Кто бы ни взялся внимательно вникнуть в эту часть духовного состояния тогдашнего советского общества, он был бы одновременно и восхищён, и разочарован его содержанием. Наряду с точными и наглядными указками на несовершенства государственного правления, повседневного быта, привычек, на возможные решения многих проблем в анекдотах сверх меры присутствовал неуёмный шовинизм, какого в достатке было ещё до событий 1917 года. Он перешёл в новую эпоху, существенно обновившись и расширив свои рамки за счёт текущего фактажа. На этот раз более всего в нём замечалось язвительности и зла, причём далеко не безадресного. Сейчас многие задаются вопросом: как получилось, что в своей стране, где народом будто бы никогда не прерывалось культивирование милосердия и толерантности, мы имеем пышные бутоны и даже готовые, составленные букеты национализма? Винить тут одни власти – и неверно, и нечестно. В устных анекдотах времени застоя народ, что называется, от себя говорил об этнических элементах без обиняков и при этом опускался до самых крайних низин спесивости и бестактности. На фоне массового любования всем, касавшимся русских, выдавались изощрённые оскорбляющие экивоки в сторону этносов, находившихся и далеко, и совсем рядом. Доставалось американцам, англичанам, французам, немцам, грузинам, татарам, китайцам, неграм, но, пожалуй, больше всего – евреям, украинцам, армянам и чукчам. Какие были основания чуть ли не во всех армянах-мужчинах усматривать гомосексуалистов? Или – отдавать на откуп армянскому радио скабрезные издевательские вопросы и ответы на них? А для чего то и дело высмеивали умственную, интеллектуальную недостаточность, будто бы присущую чукчам? Кроме чисто национального арсенала, задиравшего и глубоко оскорблявшего нации и народности, имели хождение анекдоты о личностях. Например, о Чапаеве и его соратниках.
Что тут было целью?
Если вспомнить, как рассматривали тему социального зла и сострадания наши писатели-классики, то уже у них эти составляющие нравственности имели заметную примесь высокомерия над нерусскими.
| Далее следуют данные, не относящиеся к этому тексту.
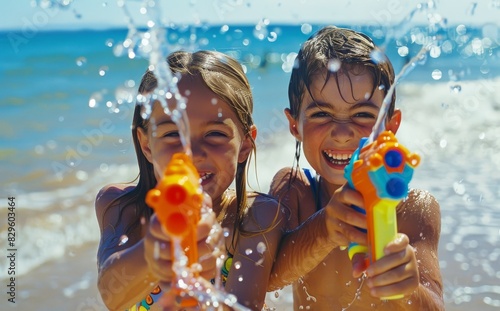 Two children having fun, shooting water with water guns in the sea, splashing around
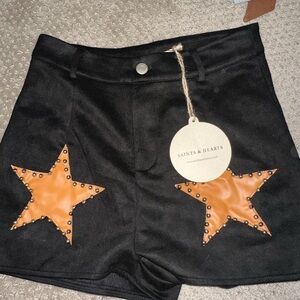 Saints & Hearts Black High Waist Shorts with Orange Star Details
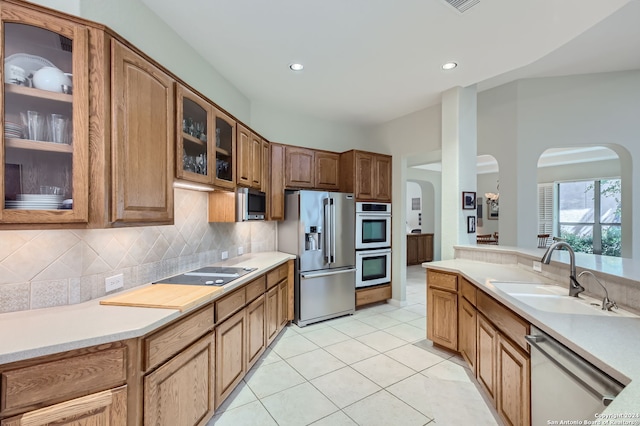 kitchen with decorative backsplash, stainless steel appliances, light tile patterned floors, and sink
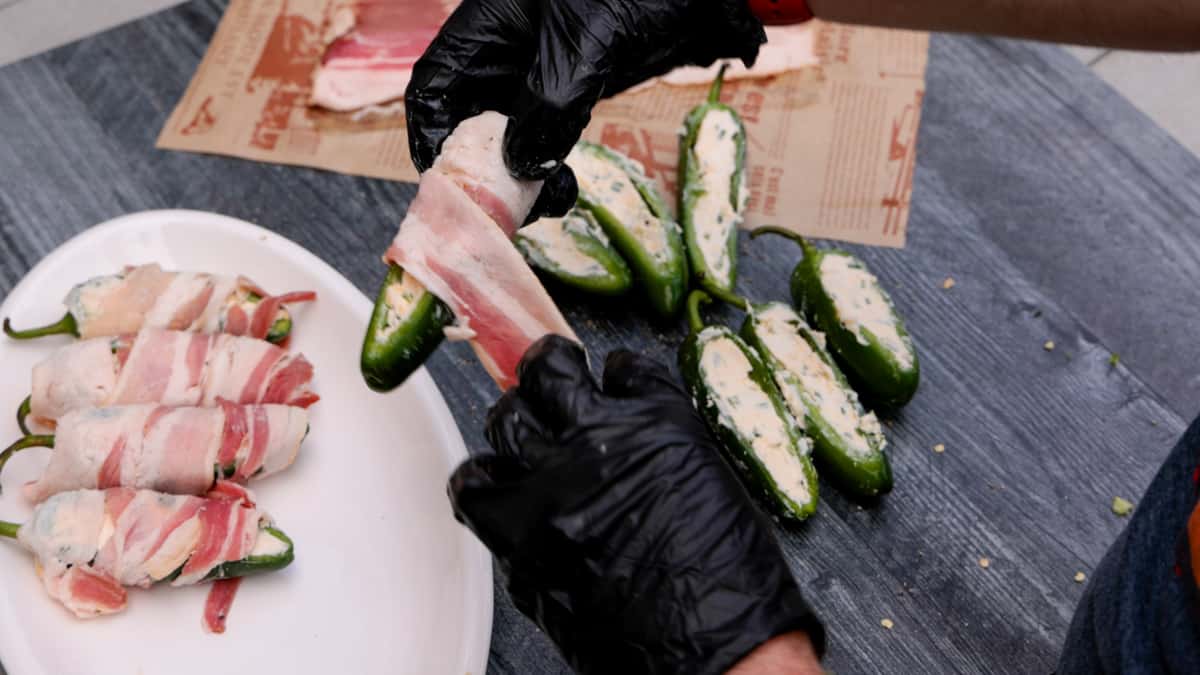 Wrapping a slice of bacon around a cream cheese stuffed jalapeno with a white plate in background with three wrapped jalapenos.
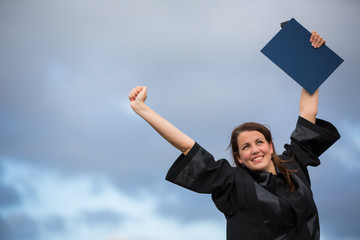 Pretty, young woman celebrating joyfully her graduation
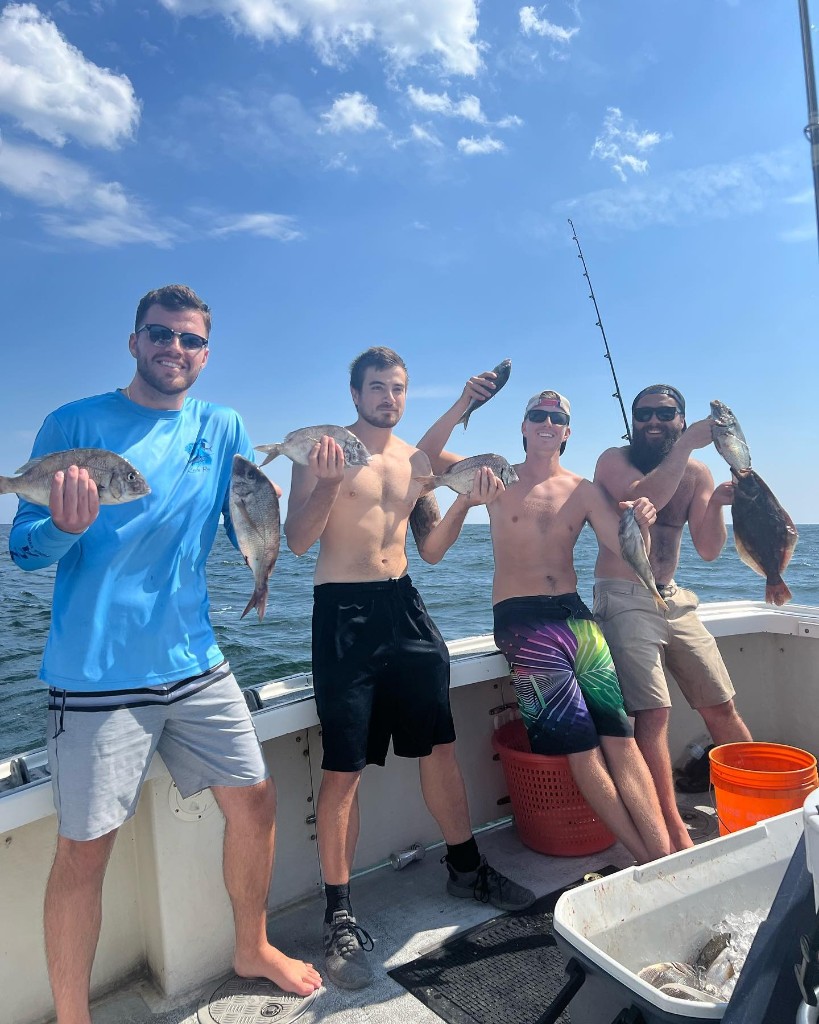 4 people enjoying fishing trip in NJ
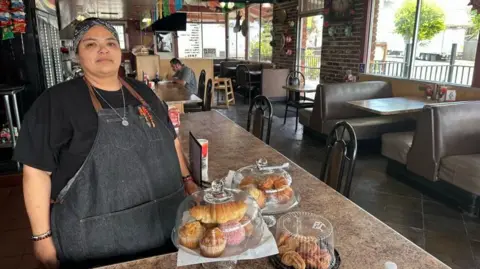 Raquel Pérez stands next to pastries in her restaurant. There is only one customer eating, and many empty tables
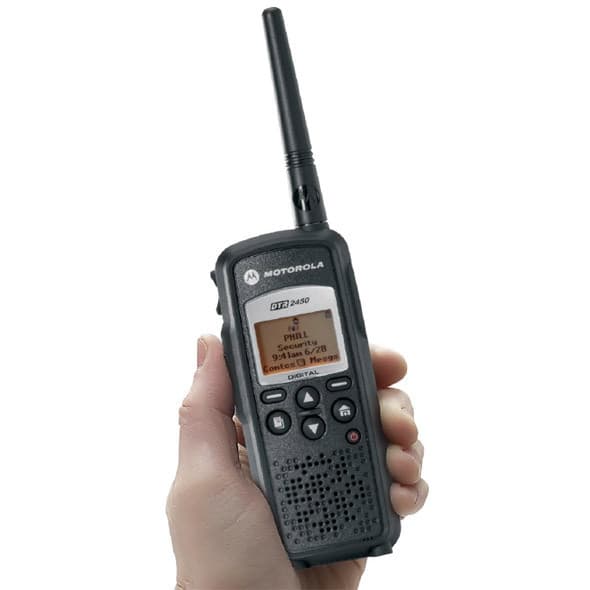 Radiostanice Motorola DTR2450 digitální držená v levé ruce, s jemně nakloněným displejem zobrazujícím detail zpráv přijatých digitální cestou.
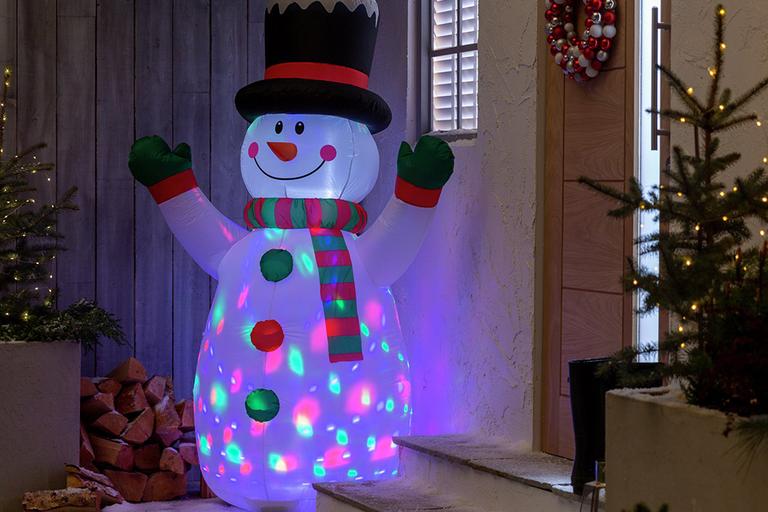 A 6 foot inflatable snowman outside the front door.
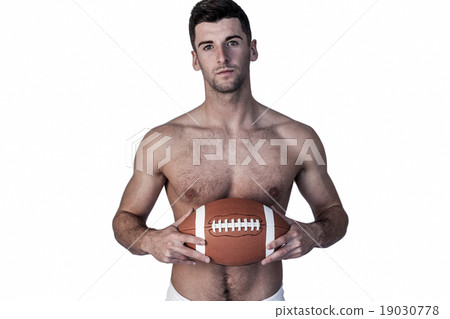 Portrait of shirtless rugby player with the ball 19030778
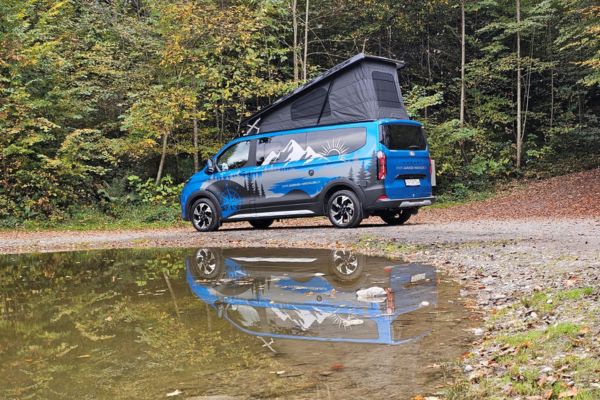 Blauer Transit Custom Nugget steht im Wald am Rande eines Sees der das Fahrzeug reflektiert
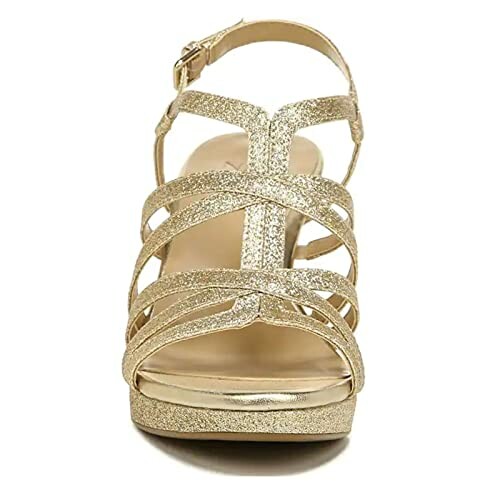 Front view of a gold glitter strappy sandal with a buckle strap.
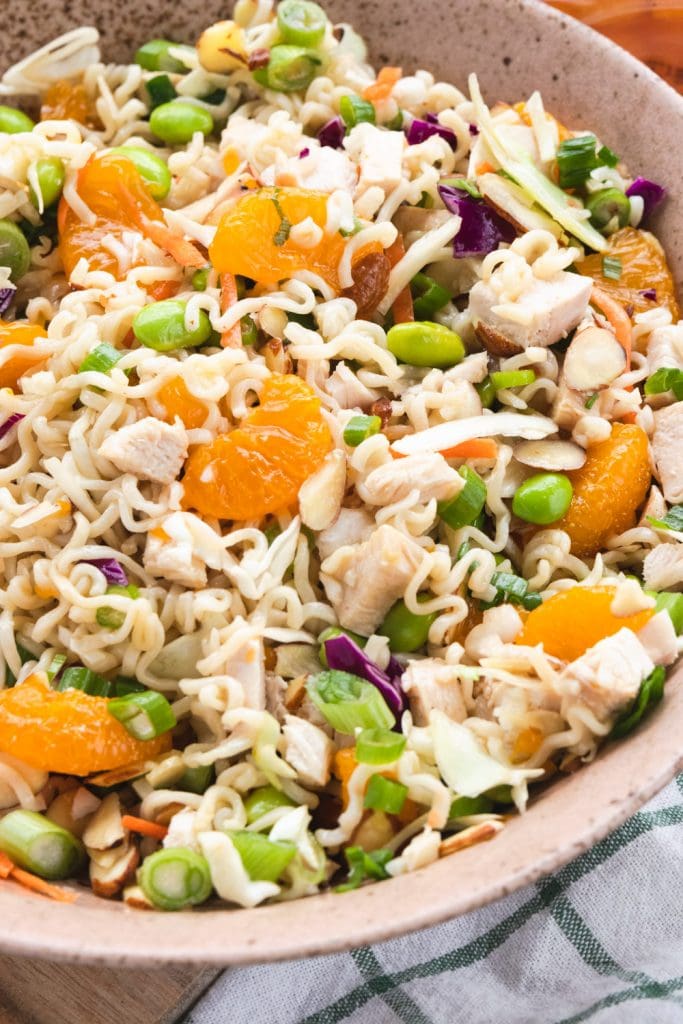 Ingredients for asian chicken salad in a bowl.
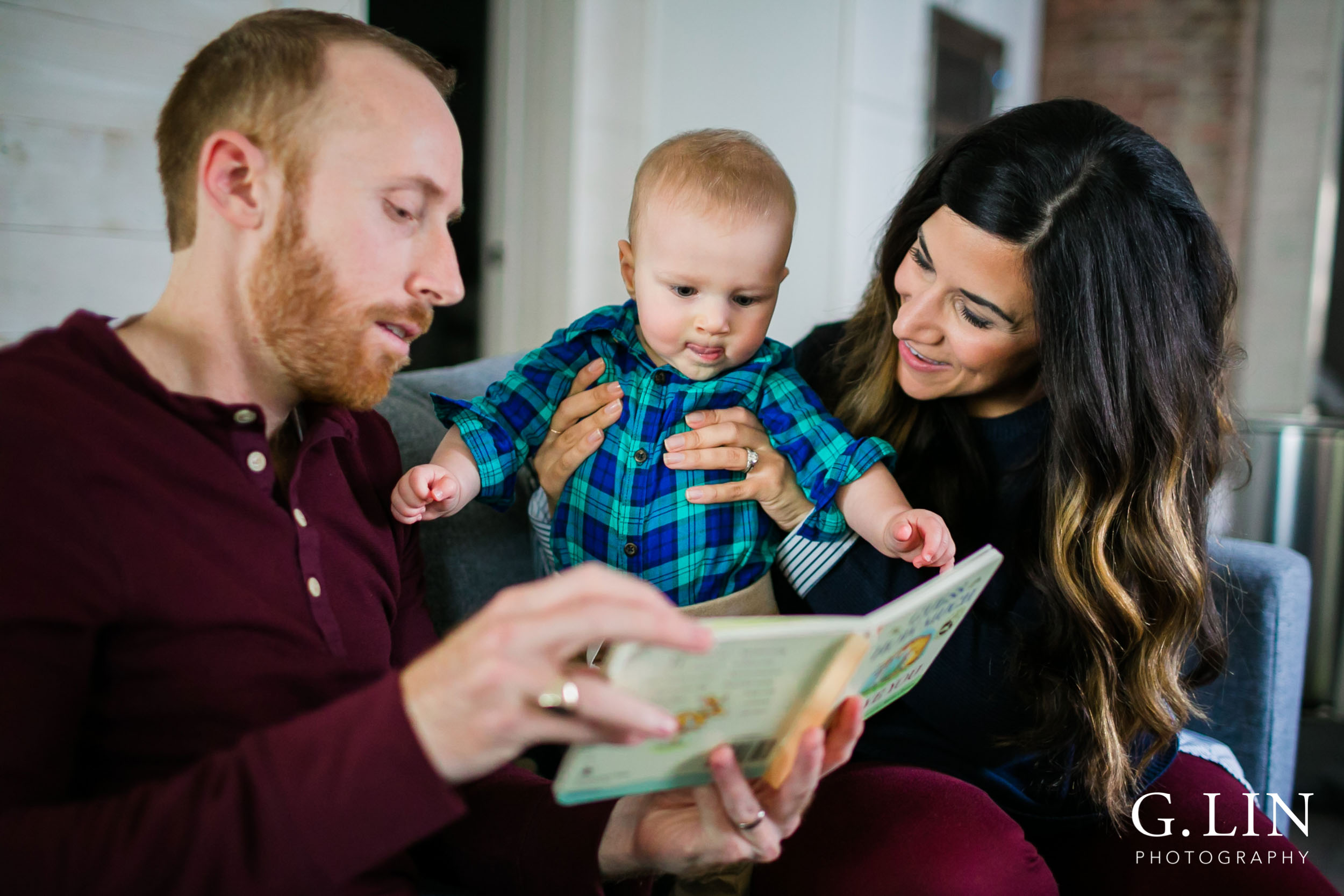 Durham Family Photographer | G. Lin Photography | parents reading book to baby in living room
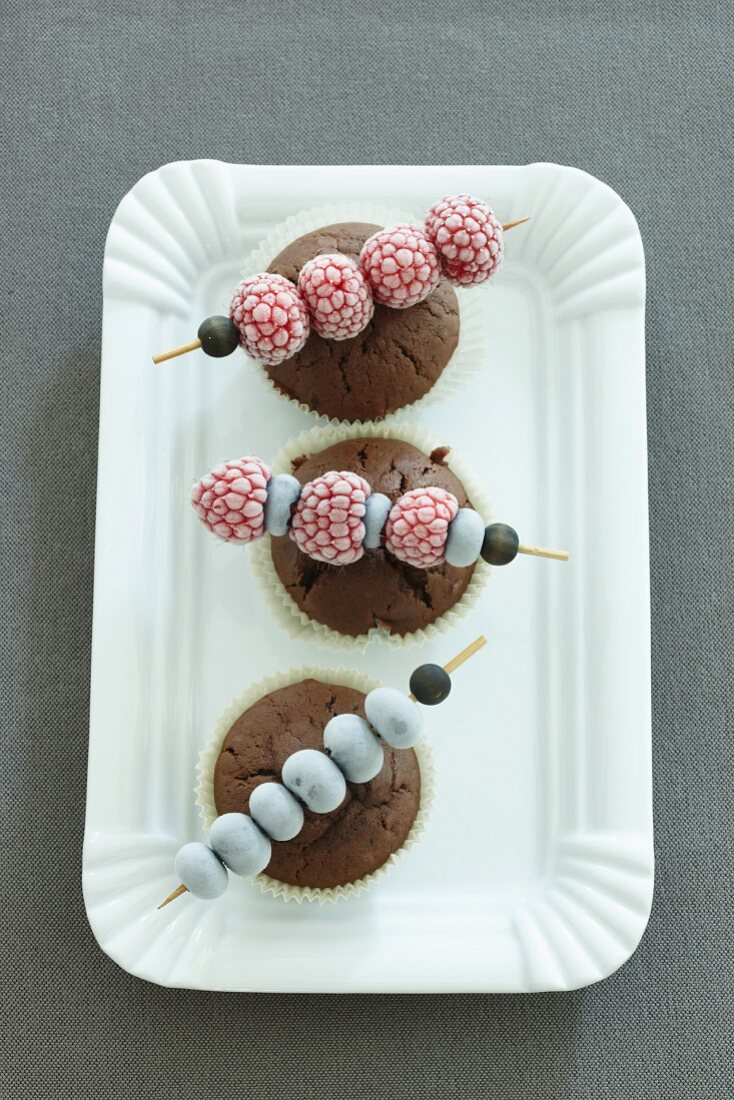 Chocolate muffins with frozen berry skewers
Кого мы называем автором изречения, где утверждается, что там, где нашему – хорошо, немцу или англичанину – смерть? Его более молодой современник Гоголь на этот счёт также выражался далеко не скромнее. Хотя подобные экивоки воспринимались больше, может быть, как шуточные или полушутливые, но вот что касается еврейства, то уже и во времена Пушкина представителей этого народа не считалось зазорным обзывать жидами. И не только в устной форме, а и в художественных произведениях, не исключая пушкинских. Нам тут не терпелось даже погордиться: вот мы какие! Позже Горький, хотя он также часто плёлся в аналогичном небрежении к инородцам, тем не менее честно обращал внимание на исходившую отсюда злобность окружавших его людей, большей частью одной с ним нации, злобность какую-то совершенно немотивированную, переходящую в потребность причинения физической боли первому встречному и прямо сейчас. Почувствовать, насколько значительным было такое явление в царской империи, нетрудно, читая рассказы указанного писателя о его странствиях по Руси в молодые годы, в частности, рассказ «На соли».
Оскорбления других помогали, может быть, прочнее удерживаться на своей почве, подобно тому, как, по уверениям умников даже с учёными степенями, в случаях стрессов этому способствует настоящая, отборная матерщина. То, что мат был неотделим от анекдота, заставляет склоняться именно к мысли об укорении так называемой титульной нацией в собственных бедах кого-то, кроме себя. Это – наихудшее из того, что является ментальностью русских, особенностью, которая появилась отнюдь не из-за вывертов советизма и не может не вызывать стойкой ответной неприязни. Она пришла из глубины прошлого и в принципе неустраняема, как бы взвешенно и вежливо тут ни объясняться.
Как способ воспламенения взаимной неприязни, анекдот системно разводил нерусских по разным углам. Но одновременно он их ещё брал и в союзники, что явно было новинкой. Объяснялось это несложно. Ведь по своей главнейшей функции он у себя в отчизне служил единству, единению. Союзниками становились все нерусские, когда они сами рядились в тогу шовинистов, так сказать, от лица титульной нации. Стыдливо пряча свои обиды, возникавшие от получаемых оскорблений, они совершенно легко рассказывали всем пакости насчёт таких же униженных, как сами, а иногда и прямо о себе. Этот род угодничества и услужения был поразителен тем, что проявлялся добровольно, безо всякого принуждения и, казалось, даже вовсе без причин. Здесь, конечно, присутствовал элемент испорченной общей, служебной или корпоративной этики, некие другие основания. Но о таких тонкостях никто из униженных рассуждать не брался. Стыд всё глубже загоняли себе вовнутрь, а рабская преданность, которой титульники ни открыто, ни исподволь никогда ни от кого не требовали, выставлялась напоказ, как весомое достоинство, как знак желания пощекотать слабых и, значит, также себя той же дубиной. Что же до главных носителей шовинизма, «старших братьев», то, имея столь странную, почти как собачью поддержку, они могли уже донимать «иных» своим выдуманным превосходством с какой угодно степенью изощрённости и как бы не видя здесь ничего плохого.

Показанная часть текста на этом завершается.